Philip Awadalla Dr Philip Awadalla CARTaGENE Symposium YouTube

In 2004, Awadalla was appointed as assistant professor at the Department of Genetics and Centre for Bioinformatics (led by Prof. Bruce Weir) at North Carolina State University. His work there included identifying potential genetic targets for vaccines to Plasmodium falciparum, the main malaria parasite.
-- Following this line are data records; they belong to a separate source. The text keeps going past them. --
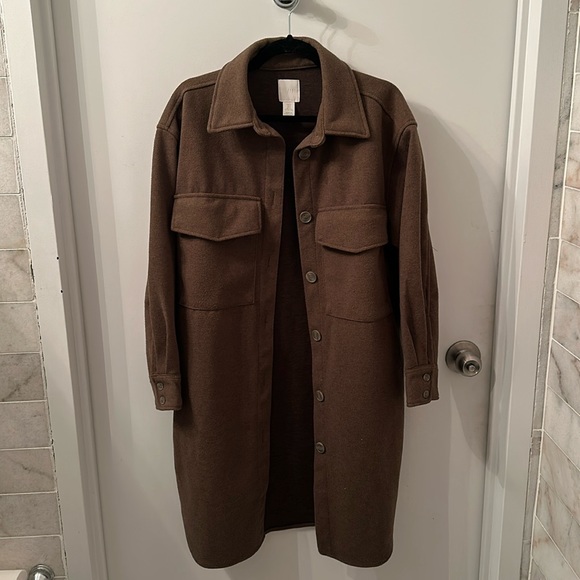 H&M Jackets & Blazers - H&M Olive Long Shirt Jacket
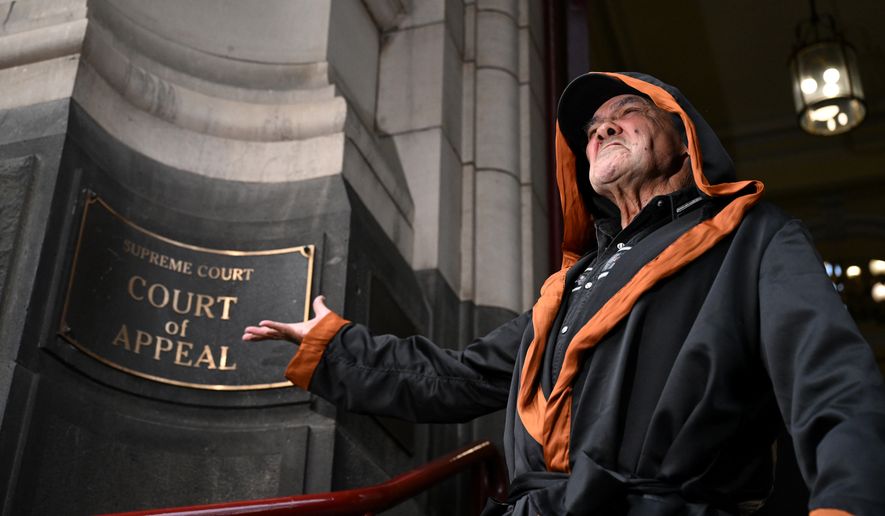 Uncle Robbie Thorpe speaks outside the Victoria state Supreme Court of Appeal in Melbourne, Australia, Wednesday, June 3, 2026. (James Ross/AAP Image via AP)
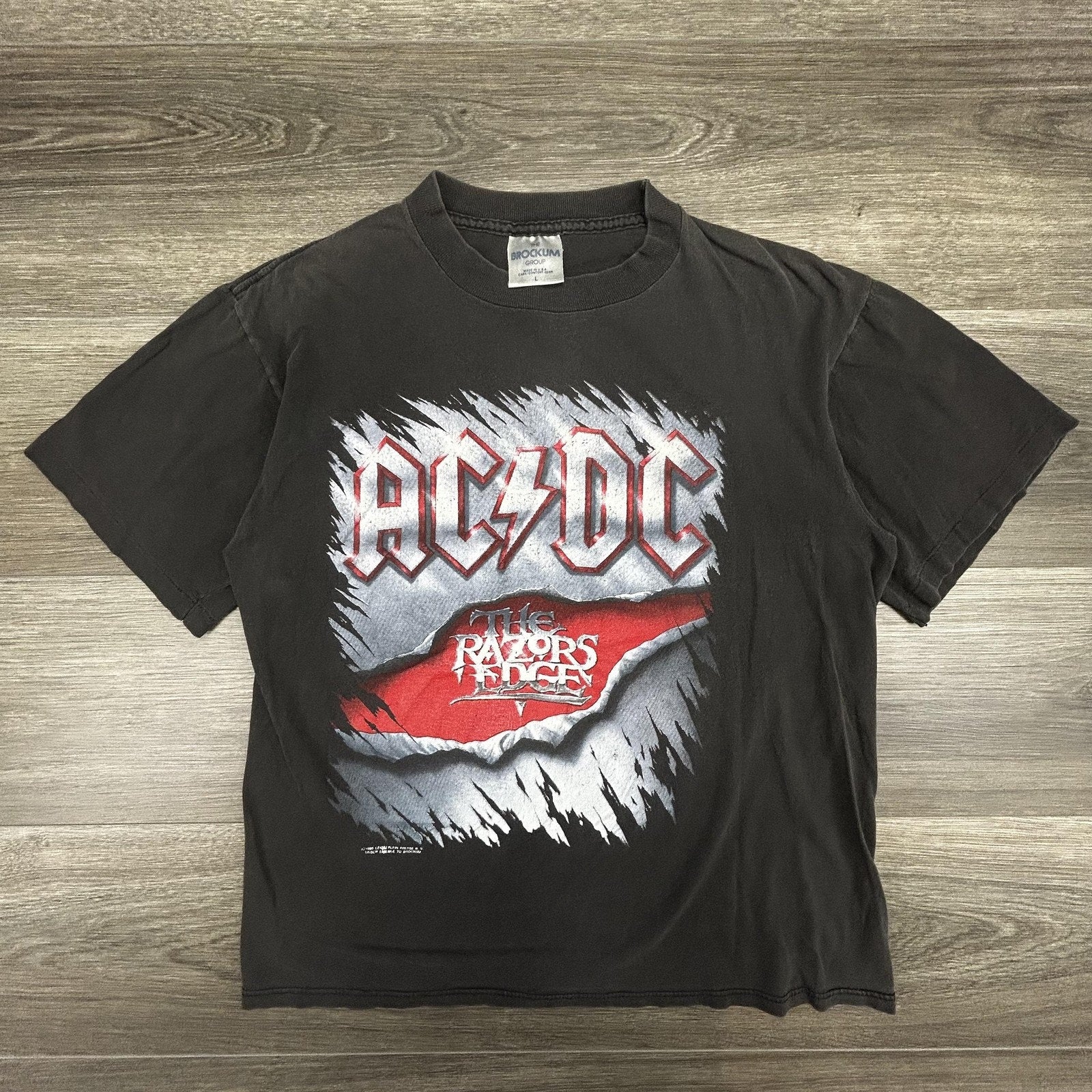 Vintage AC/DC The Razors Edge Shirt Mens Fits Small (L) Black Brockum 1990 USA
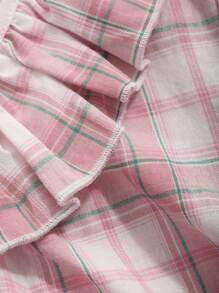 DAZY Plaid Print Ruffle Trim Puff Sleeve Nightdress, Pajama, Moo Moo - Pink - View 8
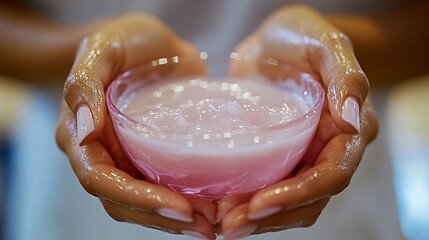 Hands gently cradling a bowl of pink creamy substance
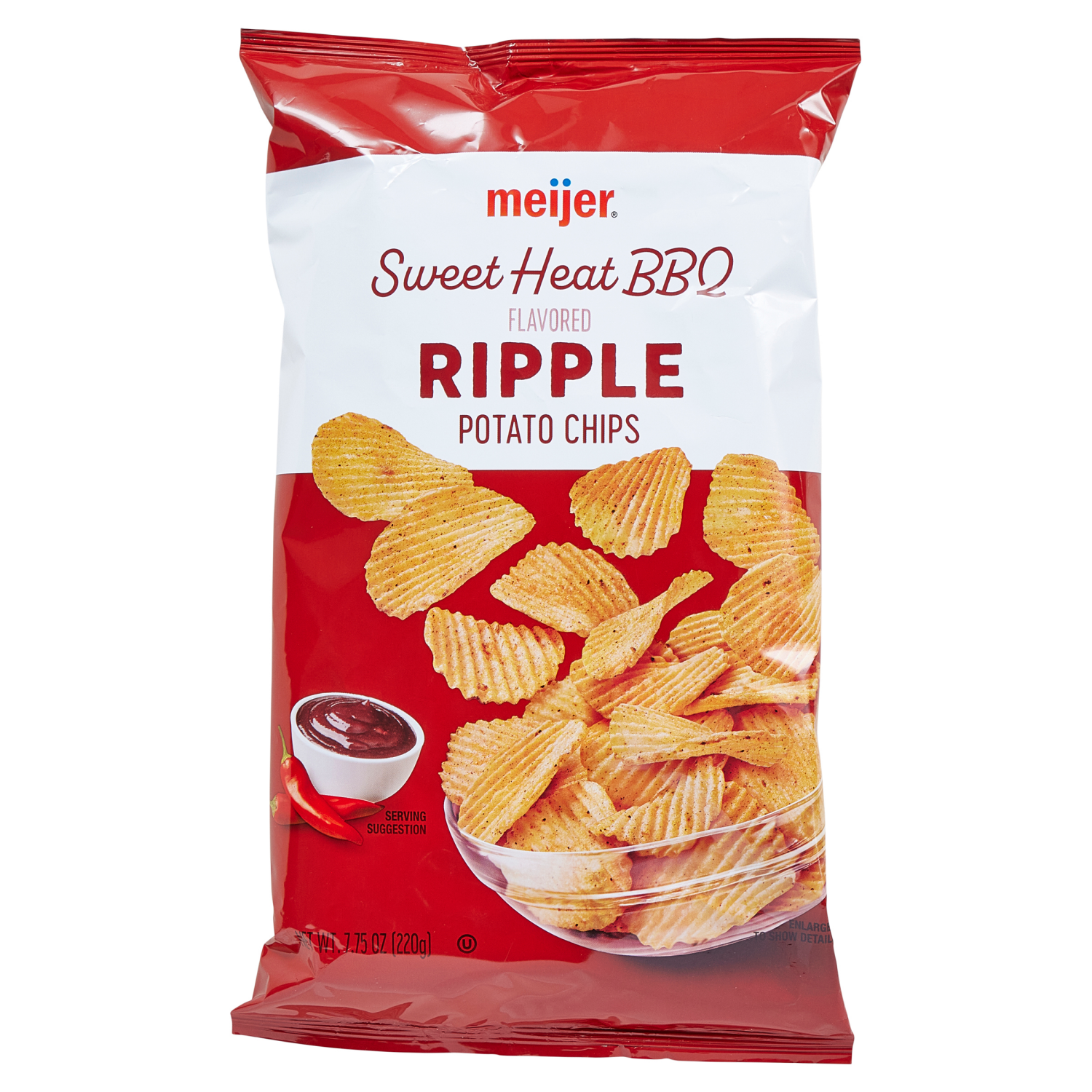 slide 6 of 6, Meijer Ripple Sweet Heat BBQ Potato Chips, 7.75 oz, 7.75 oz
Since 2007 Awadalla has been an associate professor in the department of pediatrics at the Université de Montréal. In 2009 he became the Executive Scientific Director of the CARTaGENE Biobank of Québec. His research focuses on next-generation genomic approaches and the development of computational tools in fundamental genomic research, including genomic approaches to the study of disease. This has included the first genetic maps and mapping of drug resistance genes in malaria. Awadalla discovered the relationship of a histone methylating factor encoded by the gene PRDM9 and child-hood acute lymphoblastic leukemia.

Research by Awadalla (with Matthew Hurles of the Wellcome Trust Sanger Institute) was first to directly estimate the number of mutations passed on by individual parents to human offspring, fewer than was previously estimated.

Awadalla is part of a number of collaborative programmes, including the analysis and functional analysis groups of the 1000 Genomes Project.